España recibió en 2016 75 millones de turistas, un 10% más que en 2015 y un 27% más que en el máximo pre-crisis de 2007. Nuestro país devino así en el segundo destino turístico del mundo, sólo superado por Francia. Estos 75 millones de turistas desembolsaron más de 77.000 millones de euros, lo que supuso un gasto medio diario de 138 euros por visitante extranjero. Si tenemos en cuenta también el turismo interno, su contribución económica resulta muy superior: el turismo genera una actividad de 120.000 millones de euros (el 11,1% del PIB) y un volumen de empleo de 2,5 millones de personas.
Las industrias beneficiadas por el turismo son muy variadas: hostelería, restauración, transporte por ferrocarril, transporte por carretera, transporte marítimo, transporte aéreo, alquiler de vehículos, agencia de viajes, industria cultural y servicios deportivos. A su vez, las principales comunidades receptoras de turistas extranjeros fueron Cataluña, Baleares y Canarias, las cuales concentraron el 56% de todos los visitantes.
Entre 2010 y 2015, el PIB de España se contrajo en 5.300 millones de euros, mientras que la aportación del turismo al PIB se incrementó en 8.400 millones: es decir, sin el turismo, el PIB español se habría contraído en 13.700 millones. En términos de empleo, la ocupación en España se redujo en 860.000 personas entre 2010 y 2015, mientras que la industria turística generó 140.000 puestos de trabajo netos: es decir, sin la aportación del turismo, en 2015 habría habido un millón de parados menos que en 2010. Visto desde otra perspectiva: en 2014 y 2015 (años de recuperación), España generó 730.000 empleos, de los cuales 288.000 (el 39%) fueron creados por la industria turística.
El impacto del turismo en nuestra economía es, pues, espectacular. Sin embargo, el turismo también genera costes vinculados con la saturación de los bienes colectivos de una ciudad (calles, transporte urbano, falta de habitaciones por restricciones turísticas, etc.): las mismas industrias que medran con el turismo pueden generar problemas de aglomeración entre los locales. Durante las últimas semanas, diversas ciudades españolas han sufrido brotes de lo que ya se ha bautizado como “turismofobia”, es decir, el rechazo de parte de la población autóctona hacia el visitante extranjero. Una parte de esa turismofobia tiene, evidentemente, una motivación política: del mismo modo que hace unos pocos años trataba de instrumentarse electoralmente el drama de los desahucios o del desempleo expansivo, ahora —en plena recuperación— intentan instrumentarse las molestias derivadas de una alta afluencia turística.
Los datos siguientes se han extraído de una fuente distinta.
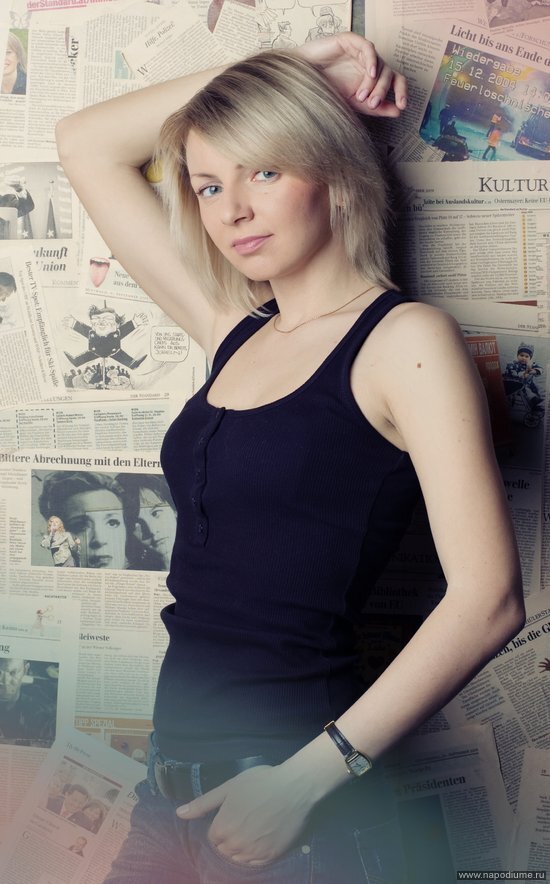 Фото Женя Андреев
A la postre, muchas de las quejas politizadas son obviamente exageradas. La saturación urbanística de, por ejemplo, Barcelona dista de ser superior al de otras urbes europeas. La capital catalana cuenta con 1,6 millones de habitantes y recibe cada año 8,5 millones de turistas extranjeros (a lo largo del año, multiplica por 5,3 su población). En cambio, Milán tiene 1,3 millones de residentes y acoge 7,65 millones de turistas anuales (multiplica por 5,8 su población); París posee 2,2 millones de habitantes y recibe 15,3 millones de turistas (multiplica por 6,9 su población); y Ámsterdam únicamente cuenta con 0,8 millones de habitantes y recibe 8 millones de visitantes (multiplica por 10 su población).
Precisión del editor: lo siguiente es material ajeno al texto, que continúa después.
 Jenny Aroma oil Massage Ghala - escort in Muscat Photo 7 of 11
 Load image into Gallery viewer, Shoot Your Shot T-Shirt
No obstante, y más allá de la motivación política de parte de esa turismofobia, es cierto que el turismo puede generar algunos problemas en las ciudades. Pero lejos de perder el tiempo debatiendo acerca de cuál debería ser el modelo turístico de España, deberíamos comenzar a reconocer que España no tiene por qué tener un único modelo turístico, sino múltiples. En lugar de rechazar el turismo in toto, deberíamos trasladar la regulación de los aspectos más conflictivos del turismo (su repercusión sobre las zonas comunes) a unidades de gestión mucho más descentralizadas que el gobierno central, la comunidad autónoma o incluso el ayuntamiento: por ejemplo, las juntas de distrito o las comunidades vecinales. De esta forma, florecerán en España muy diversos modelos turísticos en competencia, cada uno de los cuales será responsable de cosechar o de renunciar a los muy sustanciales beneficios que genera el turismo.